• _Assignment_
A word-for-word copy of the following listing is needed. Leave out its images.

• _Dataset excerpt_

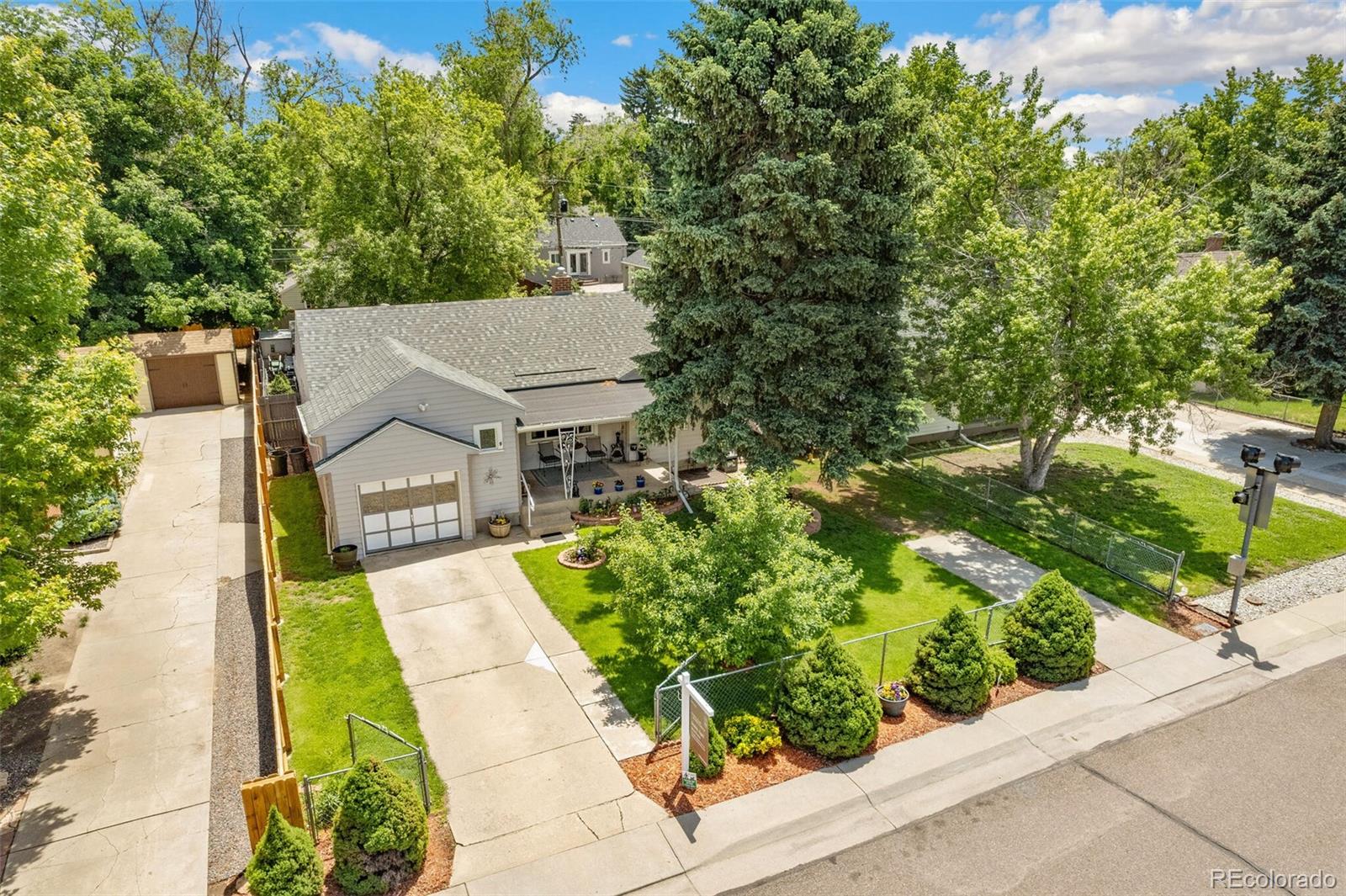 3880 Reed Street Wheat Ridge, CO 80033 - Photo 5 of 40 a view of a house with a yard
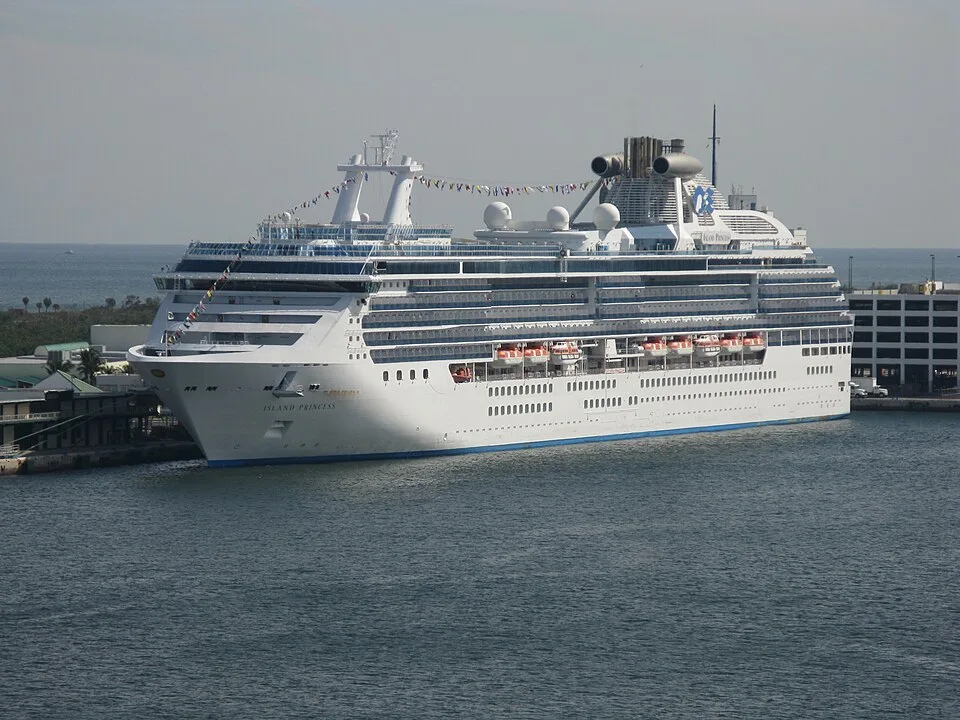 The Island Princess cruise ship is docked in calm blue water near a port. The large white vessel features rows of cabin balconies, bright orange lifeboats, and strings of colorful flags draped across its upper decks under a hazy sky.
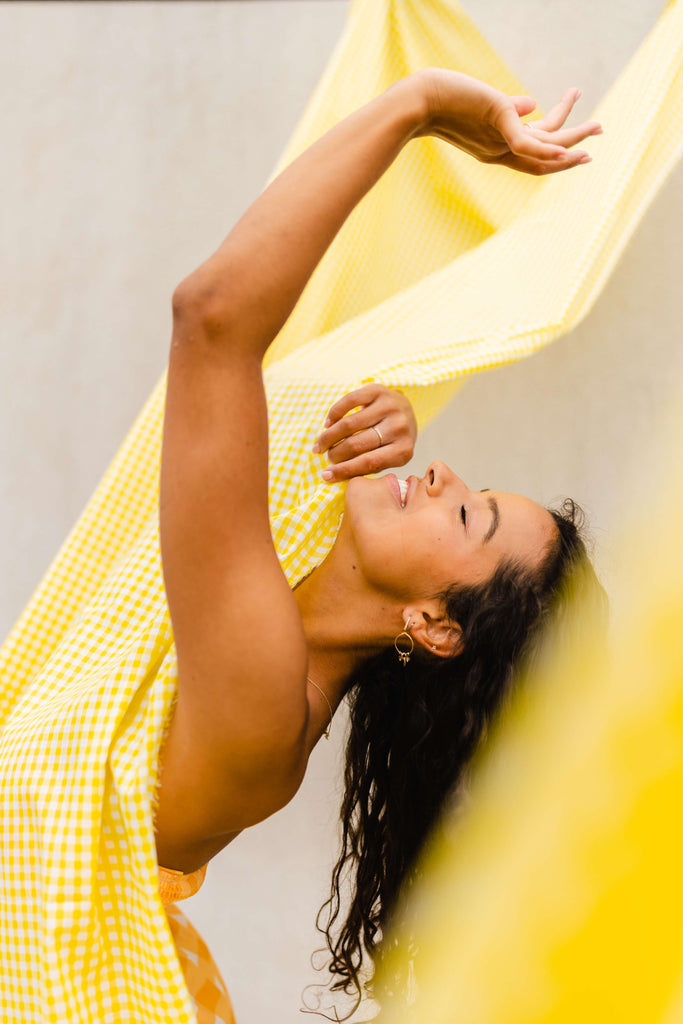 Interview with Rosie Lugg @rambosphotos. Portrait of a young girl with her eyes clothes, hands in the air. She is draped in a yellow sheet.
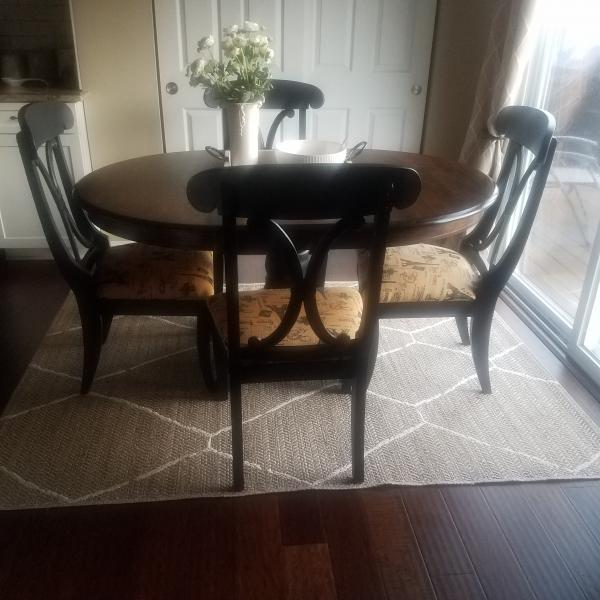 Photo of Dining room table with 4 chairs and leaf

• _Result of this task_
 3880 Reed Street Wheat Ridge, CO 80033 - Photo 5 of 40 a view of a house with a yard
 The Island Princess cruise ship is docked in calm blue water near a port. The large white vessel features rows of cabin balconies, bright orange lifeboats, and strings of colorful flags draped across its upper decks under a hazy sky.
 Interview with Rosie Lugg @rambosphotos. Portrait of a young girl with her eyes clothes, hands in the air. She is draped in a yellow sheet.
 Photo of Dining room table with 4 chairs and leaf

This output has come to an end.